Pequeños detalles, grandes impactos.

Cuando un gran barco cambia su rumbo un grado, sólo un grado, la percepción del cambio es nula. Sólo será perceptible a través de los aparatos electrónicos. En cambio, el impacto al final del viaje será grande si el trayecto es largo. Lo mismo ocurre a los que tiran con armas de fuego o con arco, ya sea para la caza o como deporte. Un “mínimo” desvío en el disparo implica errar el tiro.

Lo mismo ocurre en nuestras vidas particulares y en las organizaciones. Un detalle puede arruinar un resultado. También es cierto que un pequeño detalle “a tiempo” puede evitar males mayores y hasta, incluso, conseguir un gran resultado. Roland Topor (escritor, pintor, ilustrador y cineasta francés) dejó escrito: 1 gr de caviar en un kilo de excremento no cambia nada, pero 1 gr de excremento en un kilo de caviar lo cambia todo.

El cuidado de los detalles es siempre importante. En lo personal, todos sabemos aquella llamada que no se hizo y aquella frase inoportuna que lo arruinó todo. También en los negocios. Un buen producto con un mal detalle arruina el producto y nunca embellece el detalle.

Seamos positivos, cuántas veces no hemos dicho: “debiéramos haber hecho o dejado de hacer aquello” La corrección de un rumbo con la suficiente antelación puede evitar un desastre o hacer de un mal comienzo un buen final.

Se conoce como “el síndrome del estudiante” la actitud de dejar para más adelante lo de estudiar. Hacerlo el día antes del examen es tarde y, salvo “potra”, siempre preguntan lo que no se ha estudiado.
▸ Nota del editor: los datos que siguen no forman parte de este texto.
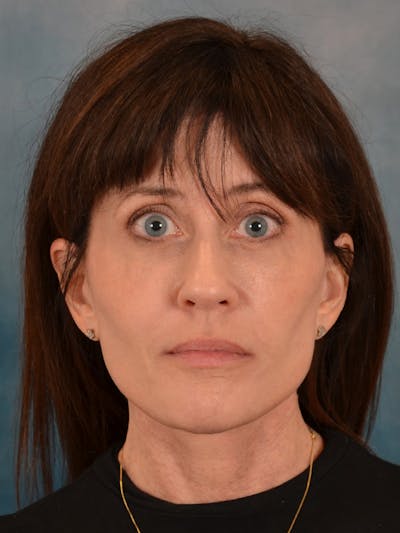 Laser Skin Resurfacing Before & After Gallery - Patient 189382 - Image 2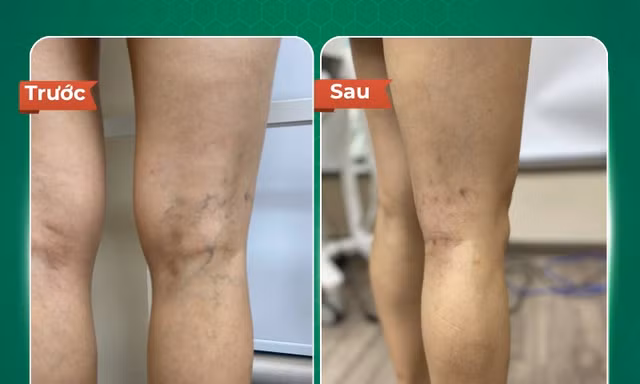 Dr.Vein giải pháp điều trị suy giãn tĩnh mạch bằng gây xơ tĩnh mạch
En las organizaciones también ocurre. Se deja para el último momento un sinfín de cuestiones que se perciben como detalles y que acaban siendo detalles determinantes. Todos sabemos el gran impacto económico que los detalles han generado: tolerancias mal calculadas, un defecto en el pedal del acelerador de un coche, y un sinfín de lanzamientos comerciales en los que la publicidad no estaba coordinada.

En el desembarco de Normandía, cuentan las crónicas, lo que significó para las tropas americanas un pequeño detalle. Llegar tarde a la concentración cambió la marea y el rumbo. Otras tropas cuidaron los detalles y desembarcaron con muchos menos problemas.

¿Se dan cuenta del ahorro de recursos (dinero, empleos, vidas, empresas…) que significa fijarse en los detalles, hacerlos bien y aplicarlos correctamente lo antes posible? Una buena gestión valora la importancia del detalle. ¿No es esto una buena manera de ahorrar costes antes que eliminar a quien menos culpa tiene?